Many men and women, from every walk of life, would happily rise in support of Dean Lynch. Here’s a poster child from the world of business: Richard Franke. Mr. Franke is a former chief executive officer of the John Nuveen Company (now Nuveen Investments), serving in that role for the last 22 years of his four decades with that company. He played a pivotal role in building the assets at Nuveen Investments to their present value of well over $200 billion. In 1988, he also helped found the Chicago Humanities Festival program, with this stated purpose:
… to create opportunities for people of all ages to support, enjoy and explore the humanities. We fulfill this mission through our annual festivals, the fall Chicago Humanities Festival and the spring Stages, Sights & Sounds, and by presenting programs throughout the year that encourage the study and enjoyment of the humanities.
Our Goals are to:
- Bring the world’s best and brightest humanists together to examine and celebrate the humanities
- Showcase the riches of the world’s cultures and their contributions to the humanities
- Gather together new and diverse audiences to enjoy the humanities
- Encourage and enable teachers and students in their study of the humanities
- Draw international attention to the importance of the humanities
- Foster collaboration, cooperation and dialogue among the artistic, cultural and educational communities that provide life and support to the humanities
The Chicago Humanities Festival is devoted to making the humanities a vital and vibrant ingredient of daily life. We believe that access to cultural, artistic and educational opportunities is a necessary element for a healthy and robust civic environment.

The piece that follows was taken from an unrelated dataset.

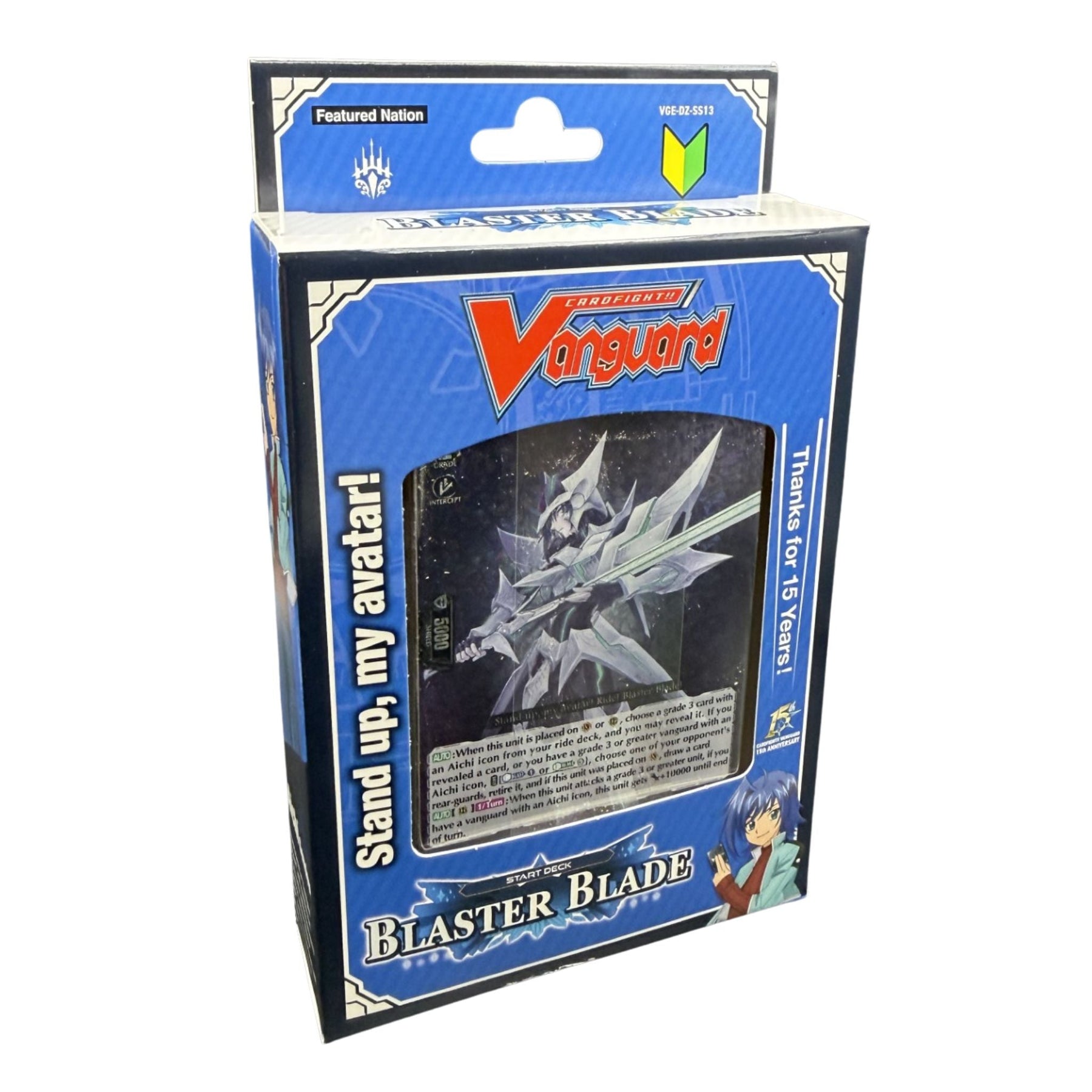 Cardfight Vanguard Special Series Blaster Blade Start Deck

The Festival has now been running for more than a quarter-century. In addition, Richard Franke and his wife have endowed Yale’s Franke Program in Science and the Humanities. In 2014, he wrote a small, highly personalized, and delightfully readable book on all this, entitled Books, Bonds, and Balance.

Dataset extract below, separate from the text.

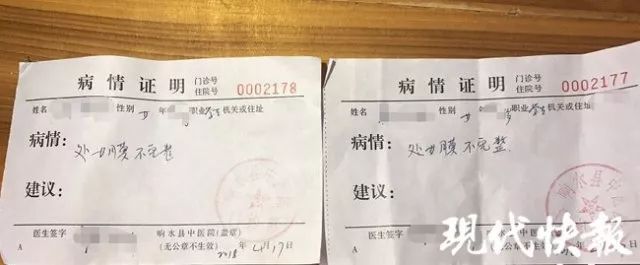 托管老师性侵女生案,托管老师性侵女生案后续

To conclude, it’s perhaps not surprising that attacks on holism are themselves compartmentalized. It’s nevertheless worth saying that since holism is required for so many of the challenges woven throughout our 21st-century world, holism needs to be vigorously defended. Innovation across the board – and clear thinking about the intended and unintended consequences of all that innovation – needs invigorating, not limiting.
 LOTRW – both the blog and the book – argues that climate change is merely a symptom of a much broader and more complex set of relationships between us and our planet, encompassing the Earth as resource, victim, and threat.